| What is being asked |
Report each line from the records where the string "agar" turns up.

(Source information begins)

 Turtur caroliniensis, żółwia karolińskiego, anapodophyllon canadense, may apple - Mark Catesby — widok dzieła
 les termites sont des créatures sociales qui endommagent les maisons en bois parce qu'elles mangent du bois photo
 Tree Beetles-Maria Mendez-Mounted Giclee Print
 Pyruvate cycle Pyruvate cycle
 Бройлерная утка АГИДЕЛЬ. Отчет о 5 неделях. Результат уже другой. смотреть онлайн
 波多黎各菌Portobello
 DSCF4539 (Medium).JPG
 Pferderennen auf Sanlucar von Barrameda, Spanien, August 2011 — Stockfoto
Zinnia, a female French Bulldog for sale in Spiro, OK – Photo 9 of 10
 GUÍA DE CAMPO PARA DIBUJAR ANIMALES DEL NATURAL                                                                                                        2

(Source information ends)
(Source information begins)

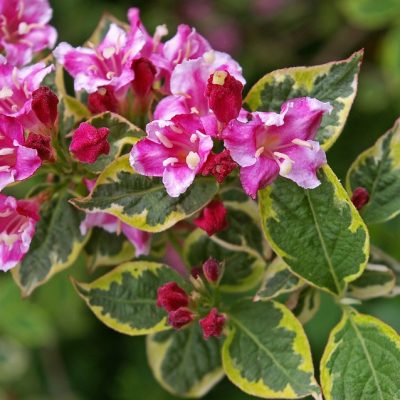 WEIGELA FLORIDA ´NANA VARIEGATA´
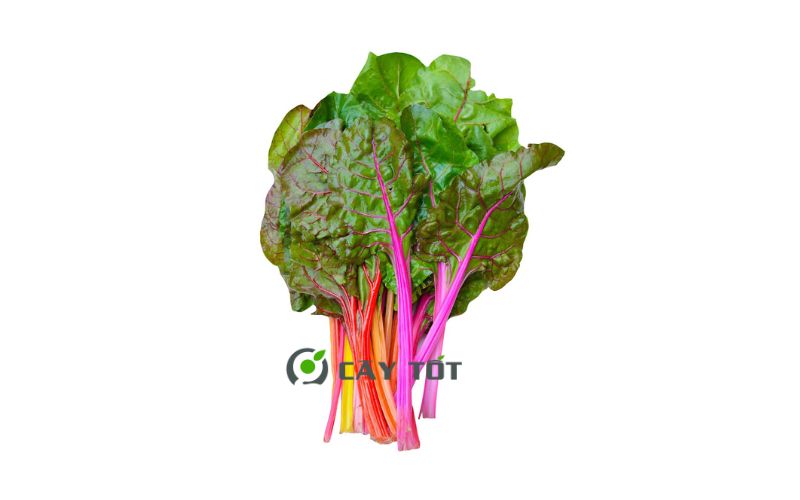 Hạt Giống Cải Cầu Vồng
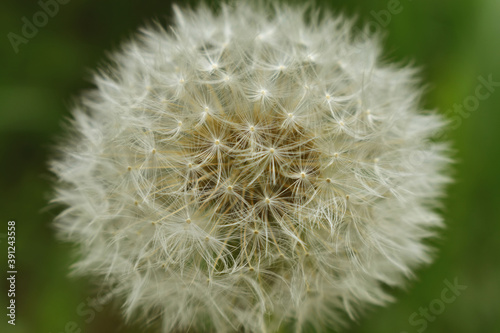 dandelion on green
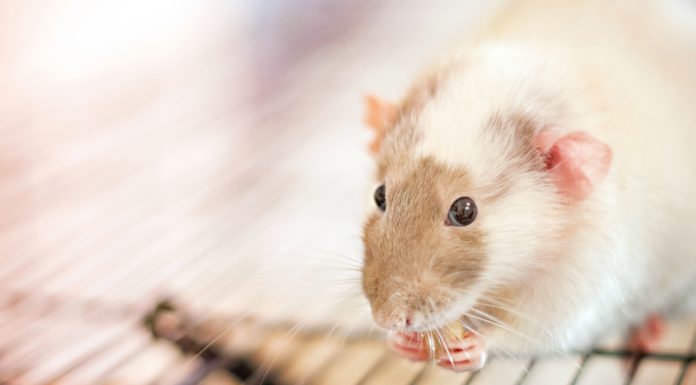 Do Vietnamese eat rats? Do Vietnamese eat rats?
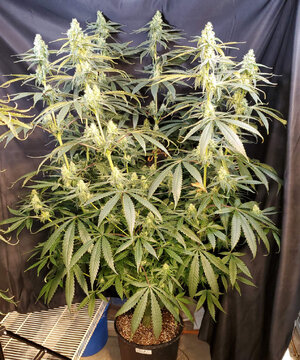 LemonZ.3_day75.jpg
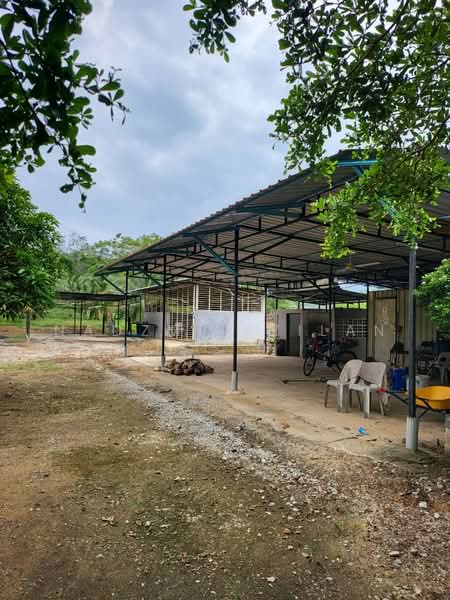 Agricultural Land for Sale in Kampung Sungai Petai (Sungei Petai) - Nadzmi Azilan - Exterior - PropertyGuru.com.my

(Source information ends)
(Source information begins)

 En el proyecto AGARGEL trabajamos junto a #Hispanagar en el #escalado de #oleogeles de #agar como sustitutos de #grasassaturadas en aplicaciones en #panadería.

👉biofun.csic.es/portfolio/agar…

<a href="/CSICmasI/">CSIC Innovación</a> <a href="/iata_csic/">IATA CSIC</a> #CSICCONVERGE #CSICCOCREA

(Source information ends)

| Task answer |
 En el proyecto AGARGEL trabajamos junto a #Hispanagar en el #escalado de #oleogeles de #agar como sustitutos de #grasassaturadas en aplicaciones en #panadería.
👉biofun.csic.es/portfolio/agar…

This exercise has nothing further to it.